WHERE: Cohoes Music Hall, 58 Remsen Street, Cohoes
WHEN: Through October 13
HOW MUCH: $25-$35
MORE INFO: 237-5858, www.cohoesmusichall.com
Charles is strong throughout; he was one of the actors onstage with the best grasp of his character (and he directed the show, as well, which is an admirable task; handling both roles must have been quite demanding.)
Brittany Simmons as Fantine had a beautiful voice; however, her acting left much to be desired. She never truly seemed to be emotionally invested in her scenes. Cara O’Brien as Eponine was very watchable; her “On My Own” was one of the highlights of the production.
Firmly stealing the show from the Thenardiers (Bill Douglas and Andrea Christensen) — which is not an easy task, as they are the comic relief in a very heavy show — Sofia Rose Trimarchi was a joy to watch as young Cosette. I will not at all be surprised to see her gracing our area stages in the years to come.
As for direction, the show was often muddled. It’s not a large stage, but it is a large cast, and it’s hard to cram all of those people on it without it becoming nothing more than a crowd scene with no choreography, with actors often bumping into one another awkwardly.
The ensemble pieces often did not come together well; they were less melodious than jangly and shouty, and the choreography was not crisp as it needs to be.
Production-wise, there are some problems that need to be ironed out.
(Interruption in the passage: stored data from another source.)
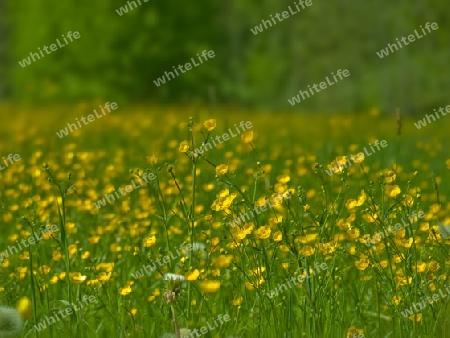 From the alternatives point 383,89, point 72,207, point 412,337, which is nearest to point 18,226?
point 72,207

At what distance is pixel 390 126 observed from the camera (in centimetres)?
1353

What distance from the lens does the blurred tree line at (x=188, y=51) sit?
21.6 m

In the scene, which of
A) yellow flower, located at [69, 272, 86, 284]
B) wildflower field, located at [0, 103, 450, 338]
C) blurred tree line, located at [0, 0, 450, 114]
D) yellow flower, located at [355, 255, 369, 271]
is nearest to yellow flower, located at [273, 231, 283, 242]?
wildflower field, located at [0, 103, 450, 338]

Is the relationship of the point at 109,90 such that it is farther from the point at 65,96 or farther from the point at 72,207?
the point at 72,207

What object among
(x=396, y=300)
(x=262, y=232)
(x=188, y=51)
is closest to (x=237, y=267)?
(x=262, y=232)

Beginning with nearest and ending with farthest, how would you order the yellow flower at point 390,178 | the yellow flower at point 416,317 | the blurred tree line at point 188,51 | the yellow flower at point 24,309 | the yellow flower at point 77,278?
the yellow flower at point 24,309, the yellow flower at point 416,317, the yellow flower at point 77,278, the yellow flower at point 390,178, the blurred tree line at point 188,51

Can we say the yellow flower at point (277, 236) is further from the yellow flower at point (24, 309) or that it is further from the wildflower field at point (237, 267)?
the yellow flower at point (24, 309)

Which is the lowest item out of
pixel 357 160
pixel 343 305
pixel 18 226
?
pixel 343 305

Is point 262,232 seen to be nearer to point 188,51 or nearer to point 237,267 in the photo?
point 237,267

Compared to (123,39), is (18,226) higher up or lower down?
lower down

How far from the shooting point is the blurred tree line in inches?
850

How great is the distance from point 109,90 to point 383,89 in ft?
39.6

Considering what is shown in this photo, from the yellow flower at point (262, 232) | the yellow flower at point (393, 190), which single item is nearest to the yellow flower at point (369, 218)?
the yellow flower at point (393, 190)

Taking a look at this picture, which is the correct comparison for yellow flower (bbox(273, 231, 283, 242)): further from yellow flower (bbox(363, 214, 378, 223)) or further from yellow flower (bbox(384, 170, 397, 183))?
yellow flower (bbox(384, 170, 397, 183)) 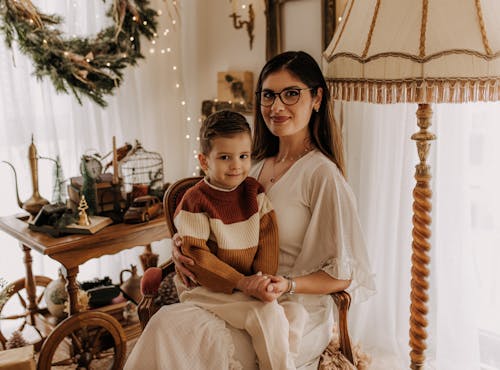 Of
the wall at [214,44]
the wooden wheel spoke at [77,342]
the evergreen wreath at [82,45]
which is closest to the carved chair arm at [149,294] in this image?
the wooden wheel spoke at [77,342]

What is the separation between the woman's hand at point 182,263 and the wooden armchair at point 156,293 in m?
0.20

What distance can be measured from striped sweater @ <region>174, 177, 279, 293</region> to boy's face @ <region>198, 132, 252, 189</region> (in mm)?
63

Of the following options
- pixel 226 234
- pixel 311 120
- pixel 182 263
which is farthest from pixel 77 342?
pixel 311 120

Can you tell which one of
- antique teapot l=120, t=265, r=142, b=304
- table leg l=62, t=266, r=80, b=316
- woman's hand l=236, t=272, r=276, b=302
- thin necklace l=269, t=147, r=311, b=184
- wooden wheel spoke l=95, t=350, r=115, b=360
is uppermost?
thin necklace l=269, t=147, r=311, b=184

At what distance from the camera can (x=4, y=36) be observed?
8.53 feet

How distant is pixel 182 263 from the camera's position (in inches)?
63.9

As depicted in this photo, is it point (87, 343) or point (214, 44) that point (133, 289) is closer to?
point (87, 343)

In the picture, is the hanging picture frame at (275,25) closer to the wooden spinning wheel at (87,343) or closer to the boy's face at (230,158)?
the boy's face at (230,158)

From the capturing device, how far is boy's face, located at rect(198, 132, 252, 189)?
1532mm

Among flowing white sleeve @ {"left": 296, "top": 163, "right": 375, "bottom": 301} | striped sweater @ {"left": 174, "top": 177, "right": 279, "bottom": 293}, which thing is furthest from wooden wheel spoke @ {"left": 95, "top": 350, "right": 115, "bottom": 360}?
flowing white sleeve @ {"left": 296, "top": 163, "right": 375, "bottom": 301}

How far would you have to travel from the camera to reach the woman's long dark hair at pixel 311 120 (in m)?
1.69

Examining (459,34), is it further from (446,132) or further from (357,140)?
(357,140)

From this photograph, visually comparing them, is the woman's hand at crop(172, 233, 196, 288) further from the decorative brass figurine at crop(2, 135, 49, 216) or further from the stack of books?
the decorative brass figurine at crop(2, 135, 49, 216)

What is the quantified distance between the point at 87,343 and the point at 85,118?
1295mm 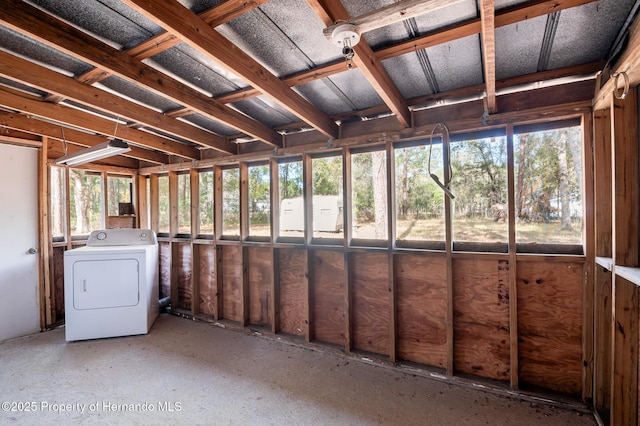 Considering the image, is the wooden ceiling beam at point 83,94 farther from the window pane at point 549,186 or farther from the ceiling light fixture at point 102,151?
the window pane at point 549,186

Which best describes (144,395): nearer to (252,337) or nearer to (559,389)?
(252,337)

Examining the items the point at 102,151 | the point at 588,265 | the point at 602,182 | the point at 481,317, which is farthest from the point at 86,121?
the point at 588,265

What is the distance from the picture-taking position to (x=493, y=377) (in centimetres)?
216

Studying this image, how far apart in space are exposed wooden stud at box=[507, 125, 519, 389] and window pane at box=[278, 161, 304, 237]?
1821 mm

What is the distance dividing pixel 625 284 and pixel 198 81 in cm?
279

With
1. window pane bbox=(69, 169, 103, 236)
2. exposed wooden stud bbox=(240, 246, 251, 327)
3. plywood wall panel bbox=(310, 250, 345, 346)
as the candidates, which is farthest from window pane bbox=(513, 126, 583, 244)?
window pane bbox=(69, 169, 103, 236)

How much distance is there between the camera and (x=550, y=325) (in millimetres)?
2012

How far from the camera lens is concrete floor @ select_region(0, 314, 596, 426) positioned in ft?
6.09

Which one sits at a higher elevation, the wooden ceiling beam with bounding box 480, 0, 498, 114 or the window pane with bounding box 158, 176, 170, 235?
the wooden ceiling beam with bounding box 480, 0, 498, 114

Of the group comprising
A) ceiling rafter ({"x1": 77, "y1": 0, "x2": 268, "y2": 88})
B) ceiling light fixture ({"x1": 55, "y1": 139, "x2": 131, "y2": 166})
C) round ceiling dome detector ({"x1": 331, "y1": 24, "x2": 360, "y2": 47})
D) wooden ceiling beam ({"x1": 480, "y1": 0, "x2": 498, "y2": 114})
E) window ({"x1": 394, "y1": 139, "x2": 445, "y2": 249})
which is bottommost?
window ({"x1": 394, "y1": 139, "x2": 445, "y2": 249})

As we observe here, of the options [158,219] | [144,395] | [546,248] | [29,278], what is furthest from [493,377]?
[29,278]

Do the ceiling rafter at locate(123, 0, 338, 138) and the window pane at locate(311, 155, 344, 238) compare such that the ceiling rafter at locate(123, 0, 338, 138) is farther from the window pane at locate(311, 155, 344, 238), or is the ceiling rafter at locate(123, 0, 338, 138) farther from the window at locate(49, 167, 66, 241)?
the window at locate(49, 167, 66, 241)

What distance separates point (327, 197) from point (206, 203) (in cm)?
177

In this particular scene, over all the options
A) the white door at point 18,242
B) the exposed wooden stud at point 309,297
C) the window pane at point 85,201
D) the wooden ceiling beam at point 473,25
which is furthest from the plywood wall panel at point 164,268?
the wooden ceiling beam at point 473,25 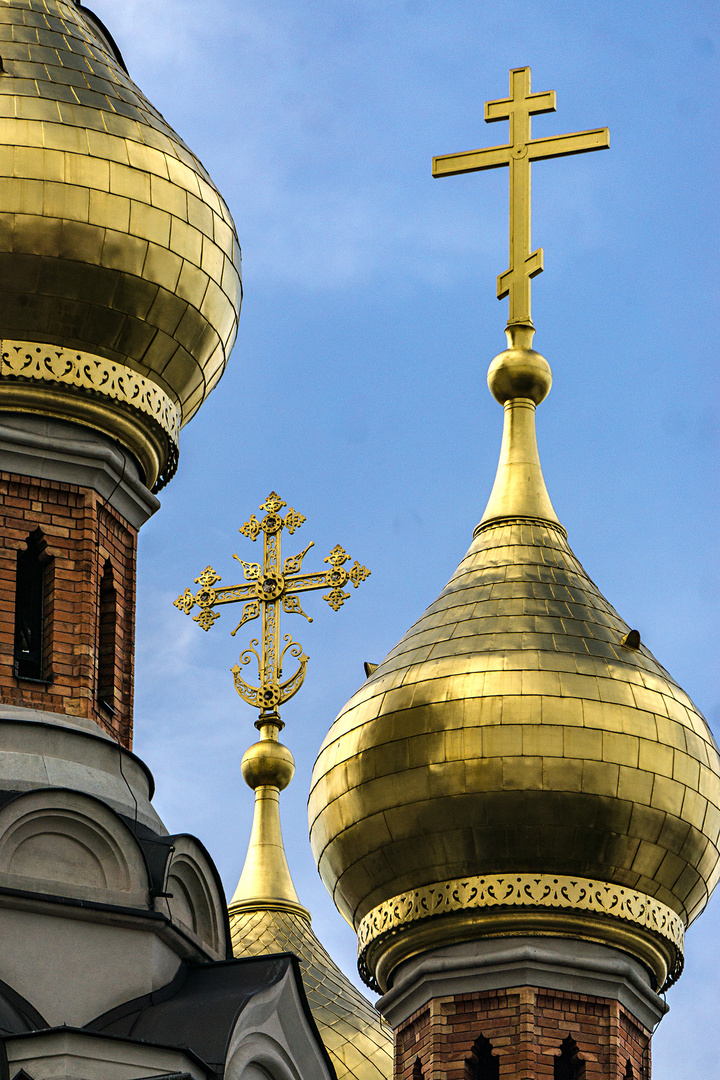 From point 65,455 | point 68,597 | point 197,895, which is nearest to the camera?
point 197,895

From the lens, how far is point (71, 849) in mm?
14602

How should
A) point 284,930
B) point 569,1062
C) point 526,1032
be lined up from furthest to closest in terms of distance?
point 284,930 < point 569,1062 < point 526,1032

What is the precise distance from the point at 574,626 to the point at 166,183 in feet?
15.0

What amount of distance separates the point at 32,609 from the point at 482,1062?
4988 mm

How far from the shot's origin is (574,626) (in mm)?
19516

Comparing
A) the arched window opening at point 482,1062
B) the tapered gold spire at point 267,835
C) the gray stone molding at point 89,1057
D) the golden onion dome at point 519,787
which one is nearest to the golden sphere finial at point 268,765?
the tapered gold spire at point 267,835

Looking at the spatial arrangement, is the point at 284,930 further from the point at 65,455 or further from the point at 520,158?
the point at 65,455

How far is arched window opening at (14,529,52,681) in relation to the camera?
15.4 m

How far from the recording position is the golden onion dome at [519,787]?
18.8 m

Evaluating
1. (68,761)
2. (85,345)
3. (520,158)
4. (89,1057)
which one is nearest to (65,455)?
(85,345)

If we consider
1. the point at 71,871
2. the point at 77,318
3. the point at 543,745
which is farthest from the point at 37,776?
the point at 543,745

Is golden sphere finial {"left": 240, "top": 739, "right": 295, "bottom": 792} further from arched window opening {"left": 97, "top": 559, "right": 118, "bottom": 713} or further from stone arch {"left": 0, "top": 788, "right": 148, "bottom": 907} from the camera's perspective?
stone arch {"left": 0, "top": 788, "right": 148, "bottom": 907}

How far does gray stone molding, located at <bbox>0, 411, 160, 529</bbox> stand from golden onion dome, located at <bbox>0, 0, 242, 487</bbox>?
0.24 feet

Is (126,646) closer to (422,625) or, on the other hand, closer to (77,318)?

The follow spot was not well-aimed and often meandered around the stage for quite some time before it hit the intended target, leaving the person singing a solo in darkness.
The people backstage were clearly visible to the audience, which became very distracting during serious scenes. It was hard to pay attention when there was a constant stream of actors walking by that a simple piece of masking could have stopped us from seeing.
Despite the problems, the show still gives you that familiar thrill when the songs you know and love appear; it’s still, at times, beautiful to watch. I just feel that maybe it needed a few more weeks of rehearsal to get things smooth enough for the audience to lose themselves in the story and the music without being distracted by the various issues plaguing the production.